And, the novel is set in Mercury–the planet, that is. This is the other particularly odd feature of The Worm Ouroboros. A little martlet summons a reader from his English study late at night, and transports him to another planet by means of:
A chariot coloured like the halo about the moon waited by the window, poised in air, harnessed to a strange steed. A horse it seemed, but winged like an eagle, and its fore-legs feathered and armed with eagle’s claws instead of hooves.
One might be tempted to think that the reader is dreaming, for it the whole scene is wispy and ethereal. But it is not a dream:
The little martlet, alighting on his shoulder, laughed in his ear. “Child of earth,” she said, “dost think we are here in dreamland?”
He answered nothing, and she said, “This is no dream. Thou, first of the children of men, art come to Mercury, where thou and I will journey up and down for a season to show thee the lands and oceans, the forests, plains, and ancient mountains, cities and palaces of this world, Mercury, and the doings of them that dwell therein. But here thou canst not handle aught, neither make the folk ware of thee, not though thou shout thy throat hoarse. For thou and I walk here impalpable and invisible, as it were two dreams walking.

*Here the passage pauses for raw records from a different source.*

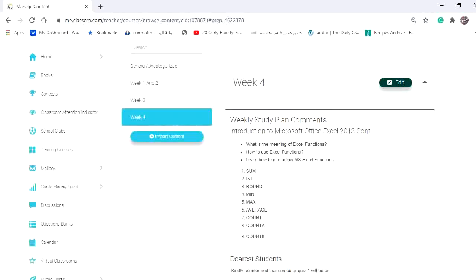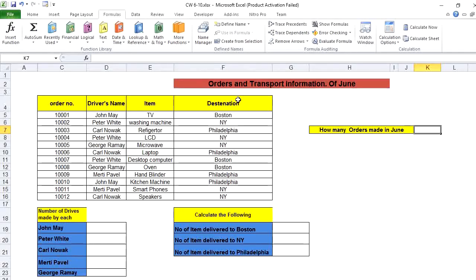In this video we're going to complete working with Microsoft Excel functions. Functions are predefined formulas — they are built-in equations in Excel you can use whenever you want. Here we have orders and transportation information for June, including number of orders, drivers, items being delivered, and the destination of delivery. We need to calculate how many orders were made in June.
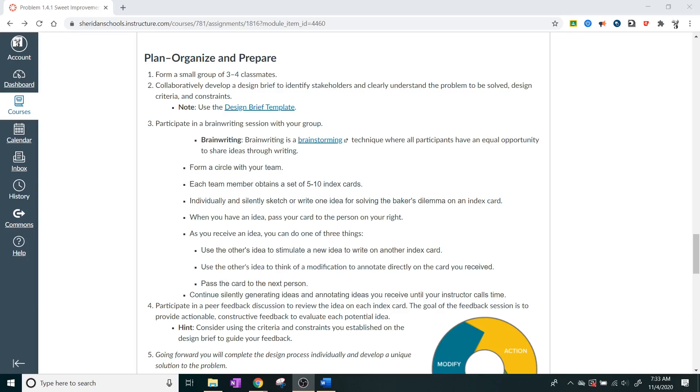Hello IED. We're going to be going over problem 1.4.1, suite improvement, specifically the organizing and preparing part. That's going to be the plan section that I'm going to be grading for you guys. Remember, this is going to be split into four sections. The first one was initiate, and this one is going to be planning.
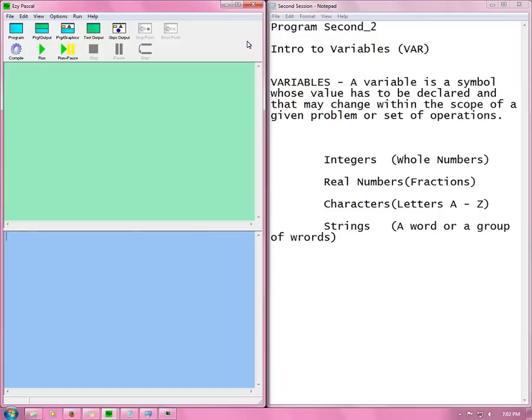Hey everyone, this is my second video on the programming language Pascal and in this video I will be dealing with variables.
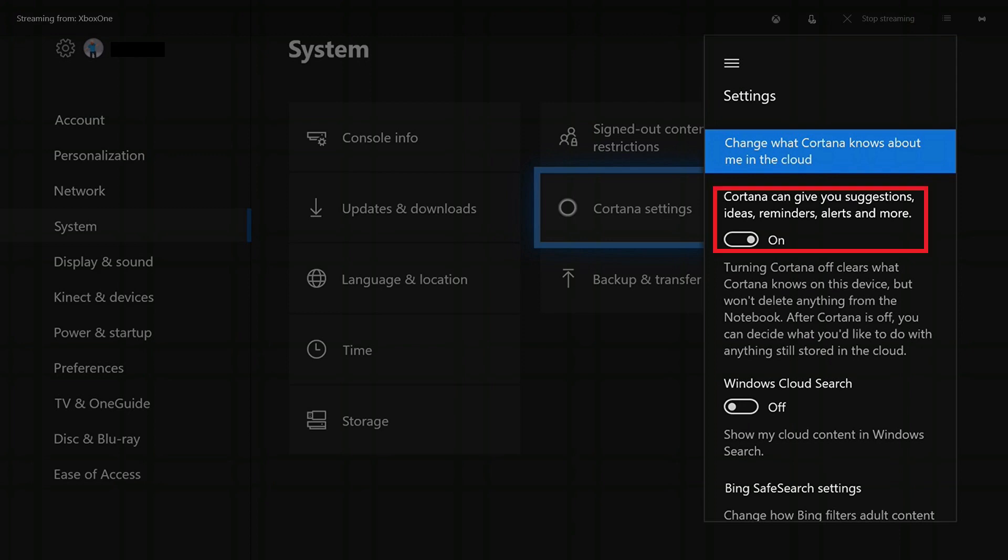Step 4. Highlight the toggle beneath Cortana can give you suggestions, ideas, reminders, alerts, and more, which is currently set to on. Press A.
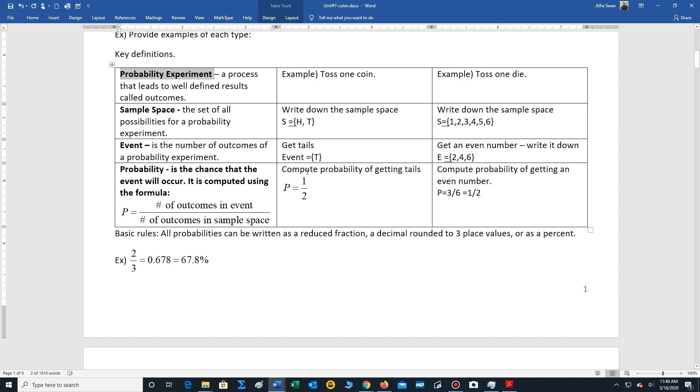To calculate the chance of getting tails, well there's only one tails out of two possibilities, so P is one half. And then to calculate the chance of getting an even number, we have three even numbers out of six possibilities, which reduces to one half.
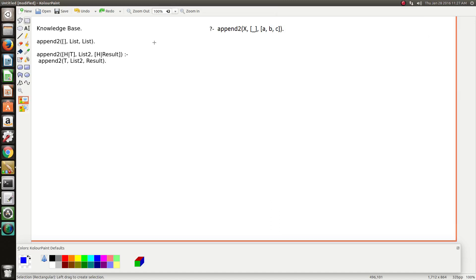In this video I'm going to walk through how to remove the last element in a list using append in Prolog, and I'll do a follow-up video to show you another strategy on how to remove the last element as well, just to show you two different ways.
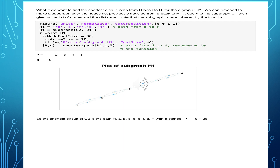Here it states 1 through 5 because MATLAB automatically renumbers the subgraph. As you can see, the 1 corresponds to D, and the number 5 is H. So we've gone the path back to the beginning point H. So you can see at the bottom here, we've found that the shortest circuit is the path through all the points and then back to H for a distance of 35 total.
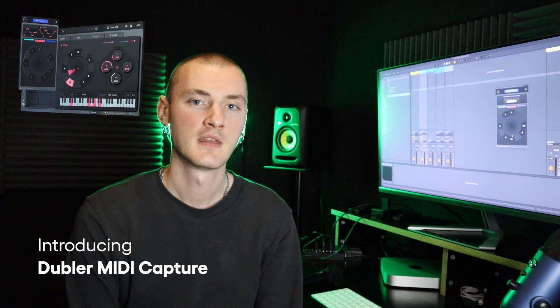Hi, in this video we're excited to introduce to you the latest update to Doubler 2, the MIDI Capture plugin.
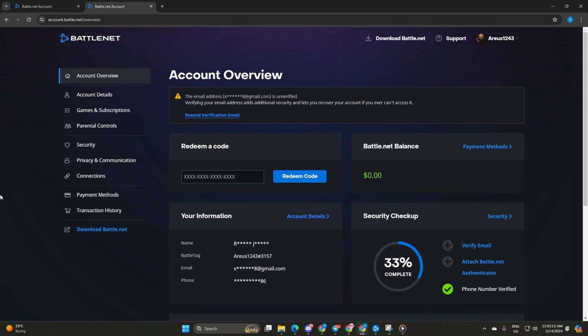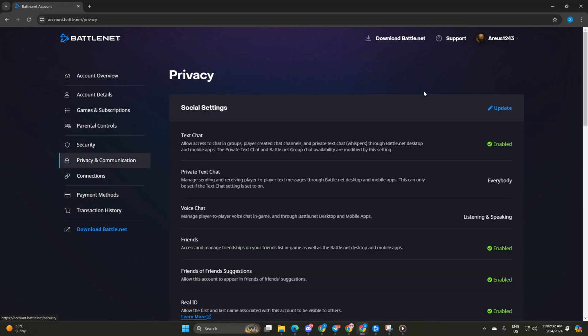After that, you'll find yourself on the account overview page. Now, click on privacy and communication on the left side menu.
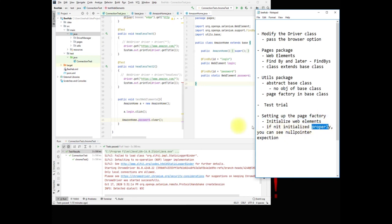If not initialized properly, in the next video we're going to see a NullPointerException. That will be all for today's video — hopefully you got something out of it. Feel free to ask questions below, I'll add some information in the description, and hope to see you next time. Thank you for watching, bye now!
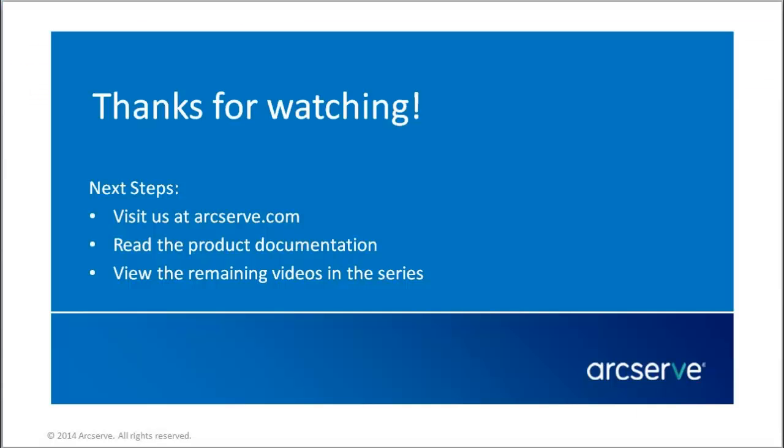That's it. This concludes our video. Thanks for watching. For more information on the features and benefits of this application, please read the documentation or visit the ArcServe Unified Data Protection Knowledge Center.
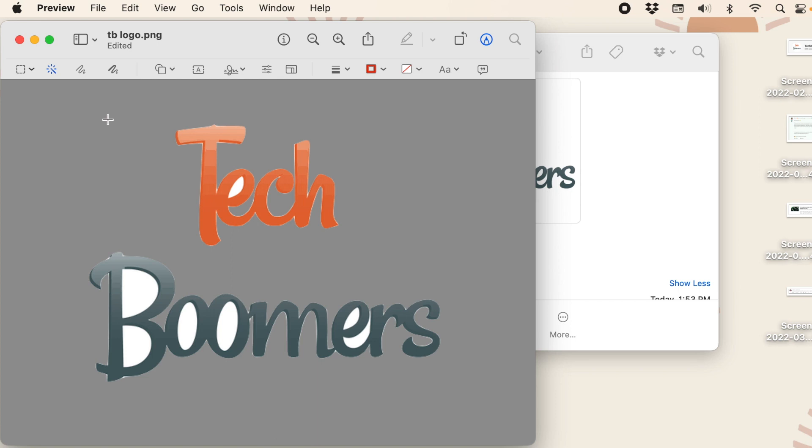If there are more pieces of background you need to erase, such as inside letters, repeat to delete additional background image as needed.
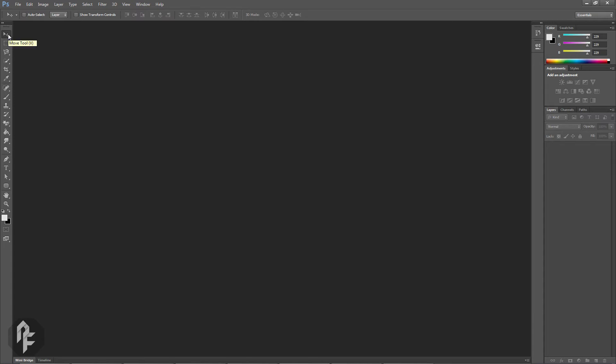The toolbar on the left is where you access these tools. This toolbar allows you to quickly switch between them.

It is quite the adventure. Some sort of mechanism is needed to get into Fairyland. This might be the crossing of a threshold (called a temenos), or the use of a magic item (like J.K. Rowling’s portkey or C.S. Lewis’ wardrobe). It can also happen through the influence of a guide–a technique that goes back to Jewish apocalypse, where an angelic figure shows the prophet heaven and earth in all its majesty and mystery.
What is surprising about The Worm Ouroboros, however, is that this mechanism is quickly dropped. The martlet trains the reader to see Mercury with his earthly eyes, and then the story precedes naturally on its own. Earth and the reader slip into the background, and the entire adventure is told from a God’s-eye view of Mercury and its great lords and adventurers. There are even times when they call their world “earth” or “middle earth”–we should probably think of Midgard, the German mythological universe. At the story’s end, we do not return to the English reader and his little guide. All memory of the set up is forgotten, and we end with a knock on the door of the lords of Demonland.

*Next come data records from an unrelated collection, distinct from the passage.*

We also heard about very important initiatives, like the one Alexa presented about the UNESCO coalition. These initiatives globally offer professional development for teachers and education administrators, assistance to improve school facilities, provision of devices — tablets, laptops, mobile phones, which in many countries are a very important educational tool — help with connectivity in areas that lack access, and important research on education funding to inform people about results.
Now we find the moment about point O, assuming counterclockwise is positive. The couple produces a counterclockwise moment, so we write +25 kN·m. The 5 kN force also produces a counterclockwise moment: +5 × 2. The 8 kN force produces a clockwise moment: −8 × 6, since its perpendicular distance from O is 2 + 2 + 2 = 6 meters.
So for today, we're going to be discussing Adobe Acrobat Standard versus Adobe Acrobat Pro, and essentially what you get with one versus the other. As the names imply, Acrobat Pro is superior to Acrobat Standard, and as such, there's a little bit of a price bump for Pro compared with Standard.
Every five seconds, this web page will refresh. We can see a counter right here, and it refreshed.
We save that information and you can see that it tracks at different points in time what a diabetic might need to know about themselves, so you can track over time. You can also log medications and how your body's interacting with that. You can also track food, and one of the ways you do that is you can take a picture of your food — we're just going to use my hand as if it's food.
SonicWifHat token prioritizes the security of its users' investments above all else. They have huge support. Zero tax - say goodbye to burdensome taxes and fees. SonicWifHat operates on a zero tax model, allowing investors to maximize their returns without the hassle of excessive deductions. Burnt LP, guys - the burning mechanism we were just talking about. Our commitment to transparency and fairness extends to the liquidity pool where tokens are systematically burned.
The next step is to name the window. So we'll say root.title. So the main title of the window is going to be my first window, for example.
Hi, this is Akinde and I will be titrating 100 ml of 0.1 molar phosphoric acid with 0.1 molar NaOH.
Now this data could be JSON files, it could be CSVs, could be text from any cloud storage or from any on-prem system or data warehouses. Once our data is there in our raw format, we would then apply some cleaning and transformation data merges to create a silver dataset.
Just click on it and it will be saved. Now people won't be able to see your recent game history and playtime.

E.R. Eddison has so carefully constructed this novel. It is high fantasy that sets the stage for an entire century of world-builders, including Tolkien and Lewis. Why, then, is this seemingly artificial construct taken up and then left loose in the end? Why is the scene set in Mercury at all, and not in some parallel Fairyland as in George MacDonald or Edmund Spenser?
It could be that, in going to Mercury, we are meant to think of the story in mercurial terms. Michael Ward chases this idea down about the Narniad in Planet Narnia. Mercury is quicksilver: loose, changeable, impatient around the sun it its speedy orbit. Mercury is Hermes, an eloquent messenger and a trickster, a guide and a classic knave. Lyra of The Golden Compass is mercurial, as are some of the key characters in The Worm Ouroboros, including Lord Brandoch Daha of Demonland, the poet-philosopher Lord Gro, and King Gorice of Witchland.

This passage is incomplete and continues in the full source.